Supplied material section start
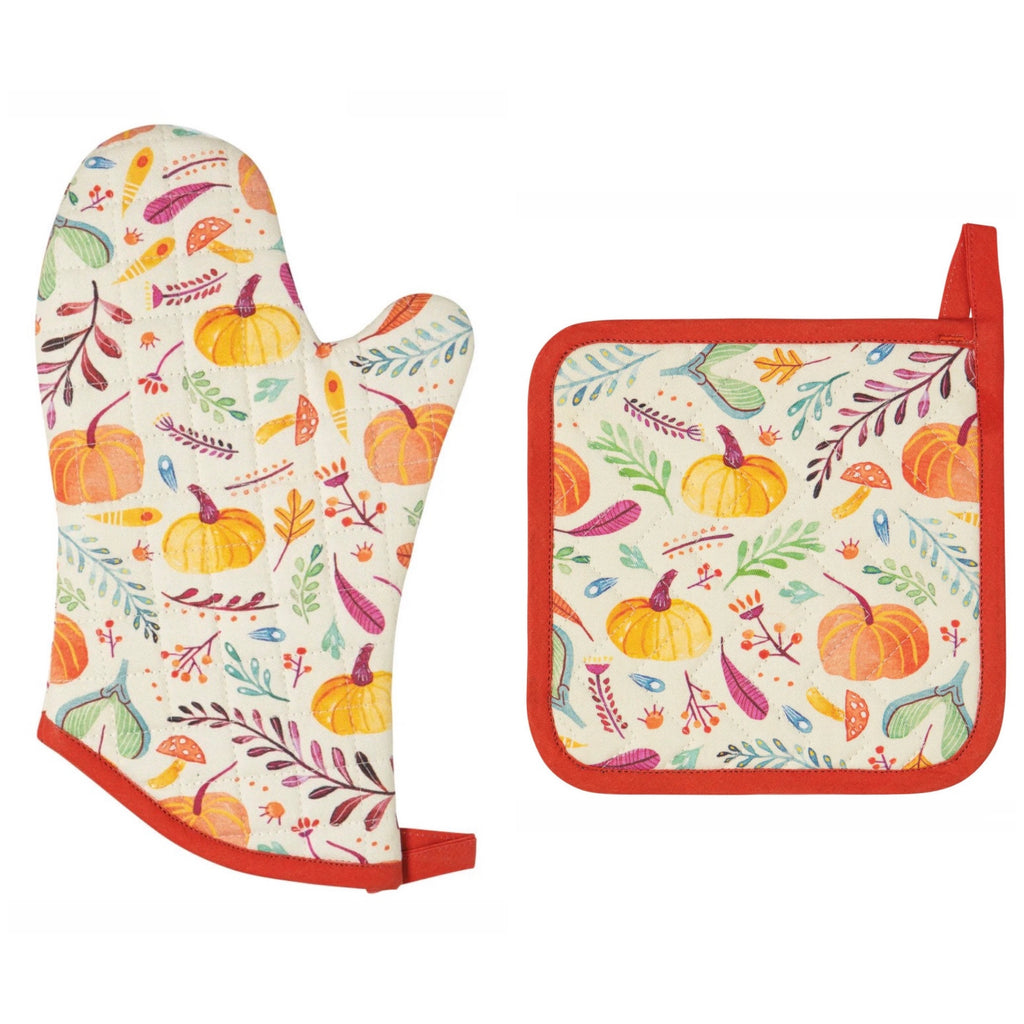 Autumn Plenty Thanksgiving Potholder & Oven Mitt
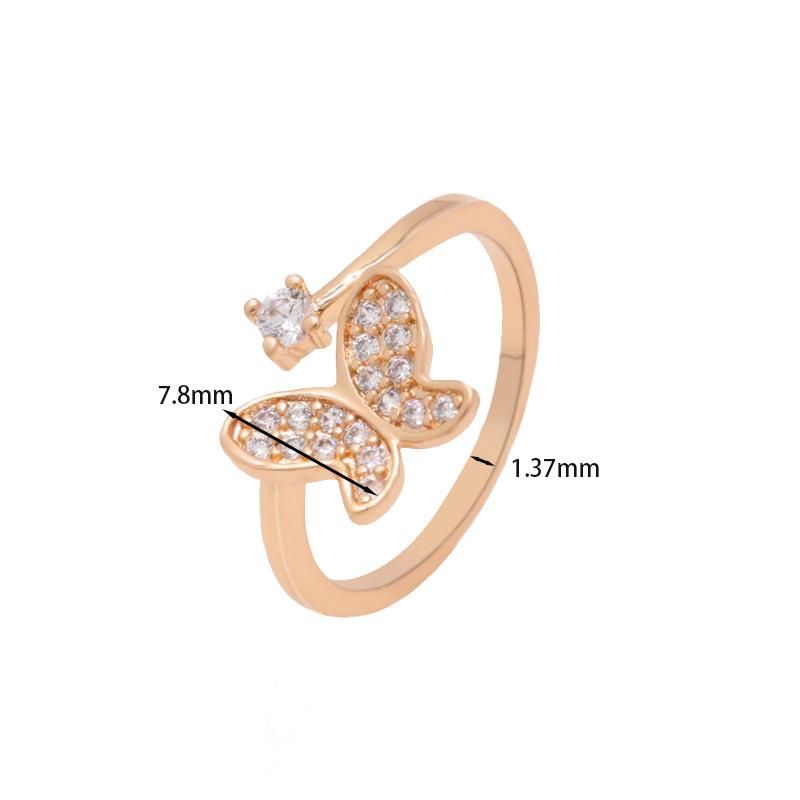 New Fashion Jewelry CZ Zircon Butterfly Ladies Ring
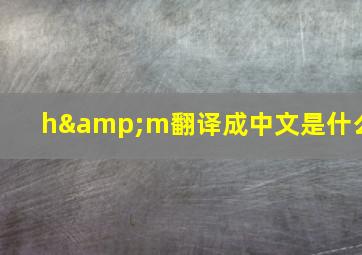 h&m翻译成中文是什么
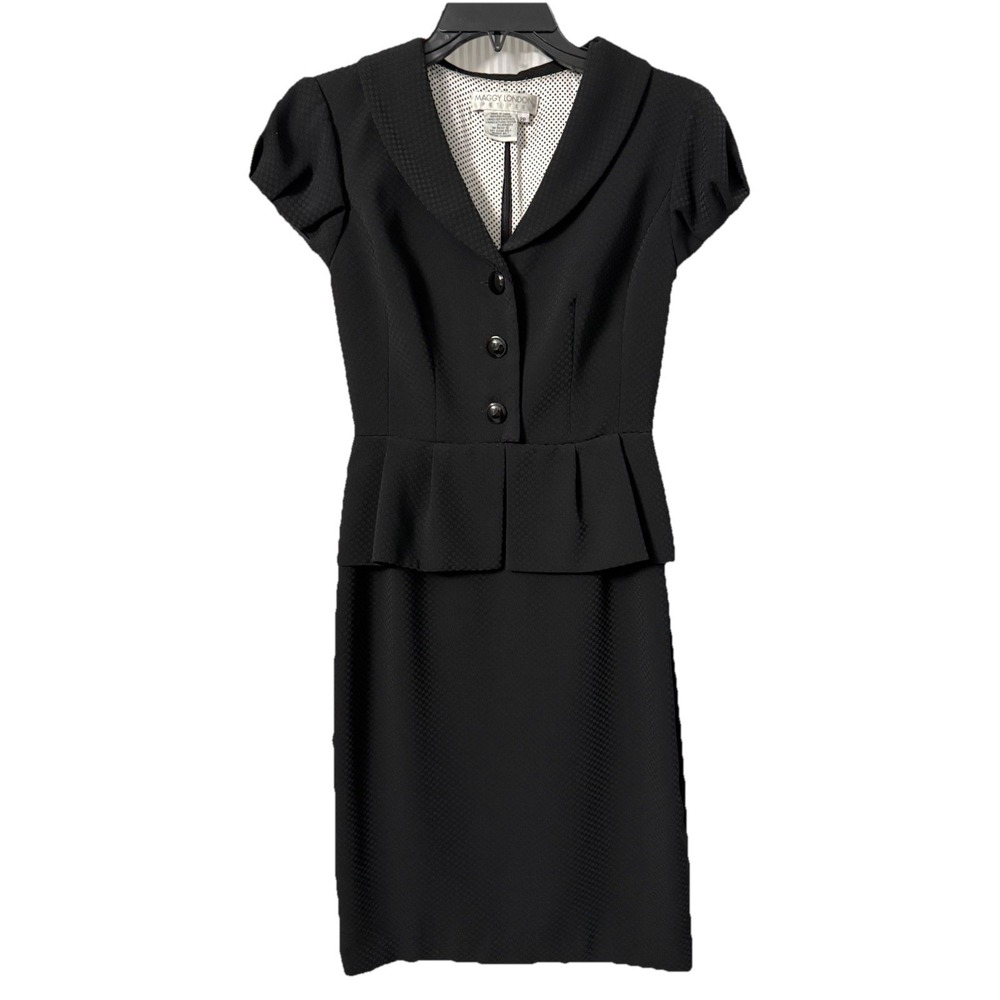 Maggy London Black Peplum sheath dress 2 Petite EUC
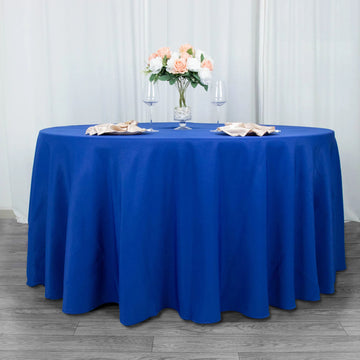 Add Elegance to Your Events with the Royal Blue Premium Polyester Round Tablecloth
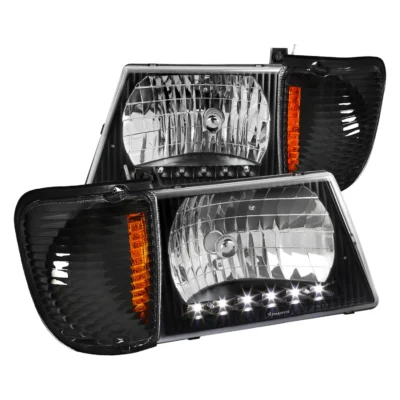 Fits 1992-2006 Ford Econoline E-Series LED Strip Factory Headlights and Corner Lights (Matte Black Housing/Clear Lens)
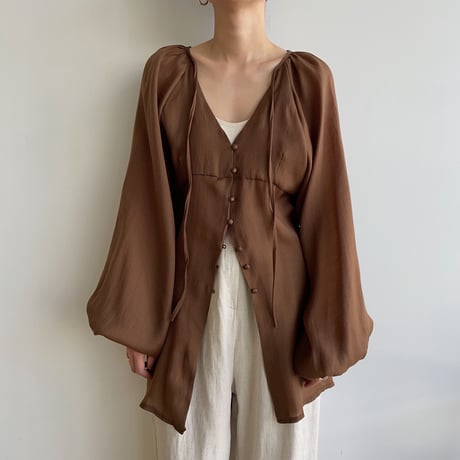 《予約販売》lady sheer blouse/2colors_nb0133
Supplied material section end
• **Your objective**: All that is needed is the span from the line with "New Fashion Jewelry" through the last line of the material above, reproduced exactly and free of pictures.

• **Exercise result**:
 New Fashion Jewelry CZ Zircon Butterfly Ladies Ring
 h&m翻译成中文是什么
 Maggy London Black Peplum sheath dress 2 Petite EUC
 Add Elegance to Your Events with the Royal Blue Premium Polyester Round Tablecloth
 Fits 1992-2006 Ford Econoline E-Series LED Strip Factory Headlights and Corner Lights (Matte Black Housing/Clear Lens)
 《予約販売》lady sheer blouse/2colors_nb0133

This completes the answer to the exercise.